After Frederick William I (who succeeded his father in 1713) had ended a long period of Prussian hesitation by declaring war on Sweden in May 1715, the grand dessein was revised yet again, this time on the initiative of the Polish-Saxon court by the instrumentality of Flemming, that indefatigable but clumsy schemer. In return for Saxon military assistance in the operations against Sweden, Prussia would with her troops help Augustus II to establish his sovereignty in what would be left of Poland-Lithuania after Prussia had taken Polish Prussia, Elbing, Warmia, Samogitia and Courland and the Emperor Charles VI had been made Grand Duke of Lithuania, a new and fanciful proposal put forward by Flemming no doubt in order to keep the tsar out of the Republic. Peter I would retain his conquests on the Baltic but Polish Livonia with the addition of Riga would go to Augustus II. The draft of the agreement to that effect reveals the motives and intentions of the authors of the scheme. In giving vent to the exasperation of Augustus II and his entourage at the unruliness of the szlachta who by their inconstancy, disloyalty and open revolt had made the Republic ungovernable, it jusifies the extreme remedies that were being proposed: the king was in conscience bound to apply them in order to prevent new wars and calamities. After a military intervention by Saxon and Prussian troops there would be no more senatus consilia or sessions of the Sejm. For his part Ilgen did not believe that Lithuania under the Habsburgs would provide any protection against the tsar and probably did not relish the prospect of an Austian presence in the proximity of East Prussia but the Prussians’ demande were as exorbitant as ever. In consequence, except for the use of Saxon troops in Prussian operations against Sweden in Pomerania, this project too came to nothing. The chief obstacle, however, was and always would be in any similar circumstances, the opposition of the tsar. As Frederick William I put it: without the tsar’s accession everything that had been proposed by the 'Polish' court seemed 'sehr chimerique'. Quite so. All the comings and goings of the projectors, their secret confabulations, the drafting of treatises, the ciphering and deciphering of dispatches, all the diplomatic hustle and bustle was futile and of interest only as a record of unsatisfied appetites and thwarted ambitions because the real master of the situation was Tsar Peter.
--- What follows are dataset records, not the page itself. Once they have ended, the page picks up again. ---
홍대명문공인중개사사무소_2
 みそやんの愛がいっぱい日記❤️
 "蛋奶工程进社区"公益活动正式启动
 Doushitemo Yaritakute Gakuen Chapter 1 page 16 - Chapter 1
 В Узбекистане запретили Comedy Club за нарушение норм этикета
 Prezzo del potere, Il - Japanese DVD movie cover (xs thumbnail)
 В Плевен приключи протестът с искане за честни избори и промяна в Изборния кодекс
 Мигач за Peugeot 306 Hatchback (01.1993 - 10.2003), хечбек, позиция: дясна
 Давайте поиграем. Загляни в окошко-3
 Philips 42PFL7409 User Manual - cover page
But eastward-thrusting Prussia, if it could not put through a grand dessein, was not above trying on a small one. In 1715 the court of Berlin was eager to seize the opportunity of buying for the King of Prussia through his envoy in the Republic the starosty (benefice in the gift of the Crown) of Grudziadz, situated on both banks of the Vistula. In Prussian hands it would have provided a convenient stepping stone towards Prussia. The details of this abortive transaction are revealing. The potential vendor was the grand chancellor of Poland, Jan Szembek (d. 1730) who wished with the proceeds to buy a hereditary estate. The king having refused (one may wonder on whose advice?) to allow the assignment, Flemming put in a bid for the starosty but the king again refused permission, acting in both instances in the interest of national security. Augustus II apparently feared that Flemming, first Kabinettsminister since 1712, might retire from his service and cede the starosty to the king of Prussia.
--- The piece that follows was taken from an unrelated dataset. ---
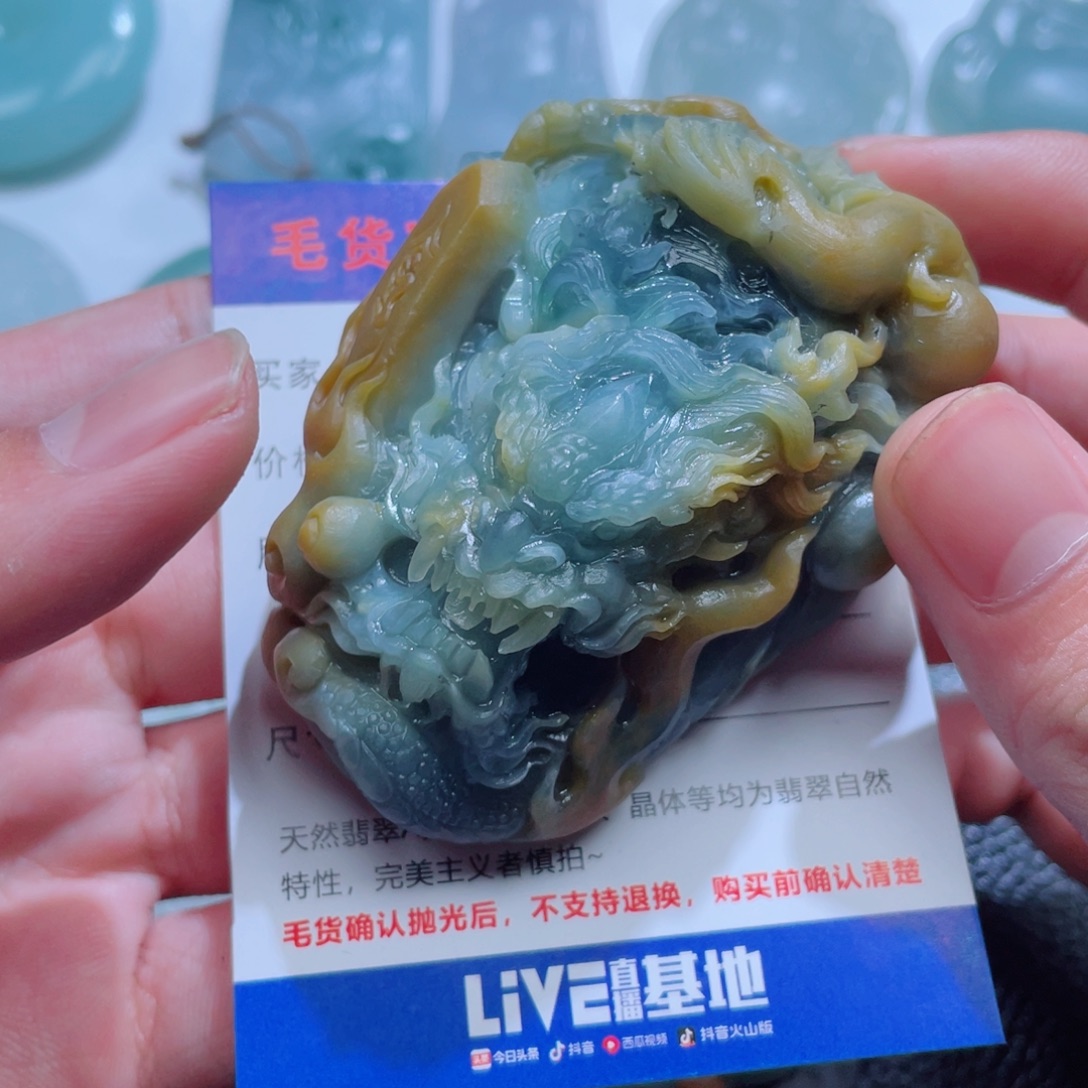 小***小定制翡翠未镶嵌88888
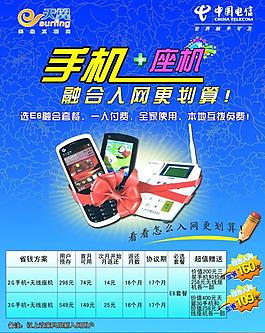 中國電信海報圖片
Another inhabitant of the dreamland of power politics was a high Swedish official, Josias Cederhielm. After having been taken prisoner at Poltava he was allowed by the Russians to travel to Stockholm to discuss the exchange of prisoners of war. On his return into captivity he kept up a clandestine correspondence with some of his colleagues and his king. To Cederhielm as to Ilgen or Flemming no recipe for a solution of the crisis seemed to exceed the bounds of possibility and to a responsible bureaucrat any device that would put an end to a costly and potentially disastrous war was worth trying. Characteristically for a man who attached much importance to equilibrium he hedged his options. In 1710 and 1711 he was of the opinion that Sweden should either make a separate peace with the tsar or form a coalition against him with Prussia and Augustus II who would be induced to change sides by the promise of a free hand in Poland. The final outcome of such a league would be a partage to the advantage of Sweden and Prussia consisting in the respective annexations of Pskov with Novgorod Severskii, Kiev and the whole Ukraine would be recovered from Russia, not for the Republic, however, but for the benefit of Stanisław Leszczyński. The practical consequences of such a division do not appear to have entered into Cederhielm’s calculations.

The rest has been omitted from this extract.